Die Parlamentarische Versammlung des Europarates hat sich am Dienstag einer Änderung ihrer Geschäftsordnung verweigert, die Sanktionen gegenüber einzelnen Mitgliedsstaaten fast unmöglich gemacht hätte. Damit wäre man einem Wunsch des Kremls nachgekommen. Denn die Versammlung hatte nach der Annexion der Krim 2014 den russischen Vertretern das Stimmrecht entzogen. Seither nehmen die Russen an keiner Plenarsitzung mehr teil und Russland hat seine Zahlungen an den Europarat seit dem vergangenen Jahr eingestellt - immerhin rund zehn Prozent des Gesamtetats. Moskau hat die Erfüllung seiner Forderung zur Bedingung der Rückkehr seiner Delegation erhoben.

Gut, dass sich die Parlamentarische Versammlung nicht in dieser Weise von Russland hat erpressen lassen. Doch der Widerstand  wurde vor allem getragen von den Abgeordneten aus Polen, der Ukraine und anderen früheren Sowjetrepubliken. Die deutschen Vertreter hingegen waren zu einem großen Teil bereit, Russland entgegen zu kommen. Wollen sie eigentlich alles mit sich machen lassen?
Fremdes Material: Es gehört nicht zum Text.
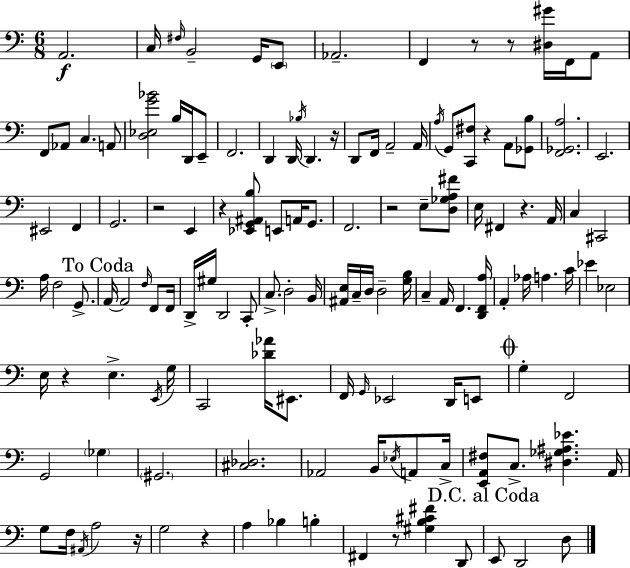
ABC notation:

X:1
T:Untitled
M:6/8
L:1/4
K:Am
A,,2 C,/4 ^F,/4 B,,2 G,,/4 E,,/2 _A,,2 F,, z/2 z/2 [^D,^G]/4 F,,/4 A,,/2 F,,/2 _A,,/2 C, A,,/2 [D,_E,G_B]2 B,/4 D,,/4 E,,/2 F,,2 D,, D,,/4 _B,/4 D,, z/4 D,,/2 F,,/4 A,,2 A,,/4 A,/4 G,,/2 [C,,^F,]/2 z A,,/2 [_G,,B,]/2 [F,,_G,,A,]2 E,,2 ^E,,2 F,, G,,2 z2 E,, z [_E,,G,,^A,,B,]/2 E,,/2 A,,/4 G,,/2 F,,2 z2 E,/2 [D,_G,A,^F]/2 E,/4 ^F,, z A,,/4 C, ^C,,2 A,/4 F,2 G,,/2 A,,/4 A,,2 F,/4 F,,/2 F,,/4 D,,/4 ^G,/4 D,,2 C,,/2 C,/2 D,2 B,,/4 [^A,,E,]/4 C,/4 D,/4 D,2 [G,B,]/4 C, A,,/4 F,, [D,,F,,A,]/4 A,, _A,/4 A, C/4 _E _E,2 E,/4 z E, E,,/4 G,/4 C,,2 [_D_A]/4 ^E,,/2 F,,/4 G,,/4 _E,,2 D,,/4 E,,/2 G, F,,2 G,,2 _G, ^G,,2 [^C,_D,]2 _A,,2 B,,/4 _E,/4 A,,/2 C,/4 [E,,A,,^F,]/2 C,/2 [^D,_G,^A,_E] A,,/4 G,/2 F,/4 ^A,,/4 A,2 z/4 G,2 z A, _B, B, ^F,, z/2 [^G,B,^C^F] D,,/2 E,,/2 D,,2 D,/2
Nur noch Büttel der Putin'schen Propaganda

Die gleiche Frage stellt sich beim "Petersburger Dialog", der am Sonntag und Montag in Moskau tagte und zu dem einer deutschen Vertreterin die Einreise verweigert wurde. Kann sich die deutsche Seite in dem zentralen deutsch-russischen Gesprächsforum über die Zivilgesellschaft von Moskau vorschreiben lassen, wer zur deutschen Delegation gehören darf und wer nicht? Mitnichten!

Deutschland Jörg Himmelreich Politikwissenschaftler
DW-Gastkommentator Jörg HimmelreichBild: privat

Dieser jüngste Affront gegenüber der deutschen Delegation verdeutlicht einmal mehr, zu welch einer Farce der "Petersburger Dialog" mittlerweile verkommen ist. Er war von Beginn an eine Fehlgeburt  - gezeugt im Jahr 2001 vom Putin-Freund und damaligen Bundeskanzler Gerhard Schröder sowie Wladimir Putin selbst. Vertreter von Regierung, Medien, Wissenschaft, Kultur und Gesellschaft beider Länder sollen über die Entwicklung der Zivilgesellschaft sprechen. Die gibt es aber in Russland kaum und Putin tut alles, um sie im Keime zu ersticken. Indem die deutsche Seite diese Farce weiter mitspielt, macht sie sich nur noch zum Büttel der Putin'schen Propaganda.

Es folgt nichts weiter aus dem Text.